B. The following persons are exempt from the registration requirement of
subsection A of this section:
1. A federal covered investment adviser;
2. A person without a place of business in this state that is registered under
the securities act of the state in which that person has its principal place of
business if its only clients in this state are:
a. federal covered investment advisers, investment advisers registered under
this act, or broker-dealers registered under this act,
b. institutional investors,
c. bona fide preexisting clients whose principal places of residence are not in
this state if the investment adviser is registered under the securities act of
the state in which the clients maintain principal places of residence, or
d. any other client exempted by rule adopted or order issued under this act;
3. A person without a place of business in this state if the person has had,
during the preceding twelve (12) months, not more than five clients that are
residents of this state in addition to those specified under paragraph 2 of this
subsection; or
4. Any other person exempted by rule adopted or order issued under this act.

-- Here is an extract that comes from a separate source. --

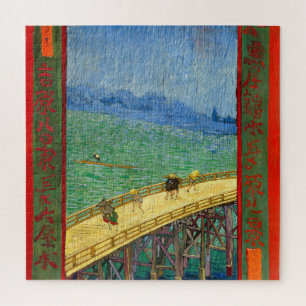 Quebra-cabeça Van Gogh A Ponte na Chuva segundo Hiroshige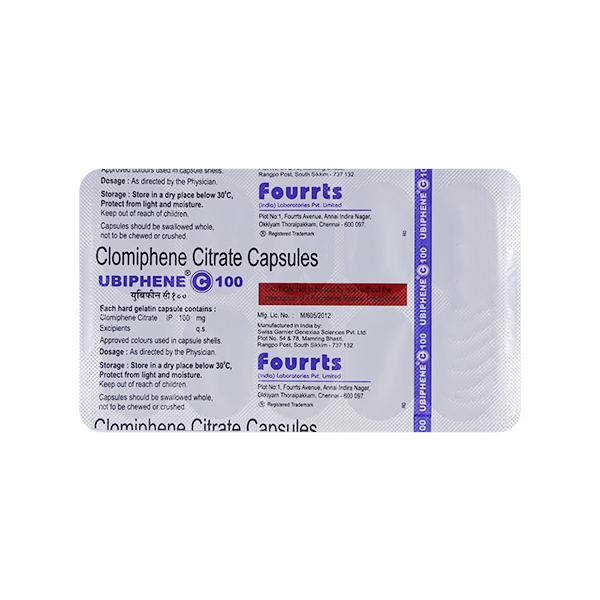 UBIPHENE C 100 Capsule 10's - Global Surgicals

C. It is unlawful for an investment adviser, directly or indirectly, to employ
or associate with an individual to engage in an activity related to investment
advice in this state if the registration of the individual is suspended or
revoked under this act, or the individual is barred from employment or
association with an investment adviser, federal covered investment adviser, or
broker-dealer by an order under this act, the Securities and Exchange
Commission, or a self-regulatory organization, unless the investment adviser did
not know, and in the exercise of reasonable care could not have known, of the
suspension, revocation, or bar. Upon request from the investment adviser and for
good cause, the Administrator, by order, may waive, in whole or in part, the
application of the prohibitions of this subsection to the investment adviser.
D. It is unlawful for an investment adviser to employ or associate with an
individual required to be registered under this act as an investment adviser
representative who transacts business in this state on behalf of the investment
adviser unless the individual is registered under subsection A of Section 21 of
this act [Section 1-404 of this title] or is exempt from registration under
subsection B of Section 21 of this act [Section 1-404 of this title].
E. The exemption from registration provided by subparagraph b of paragraph 2 of
subsection B of this section shall not be available to any person who acts as an
investment adviser to the state, any county, municipality or school district of
this state, or any other political subdivision of this state; any agency or
corporate or other instrumentality of any such entity; or any pension fund for
the benefit of employees of any such entity.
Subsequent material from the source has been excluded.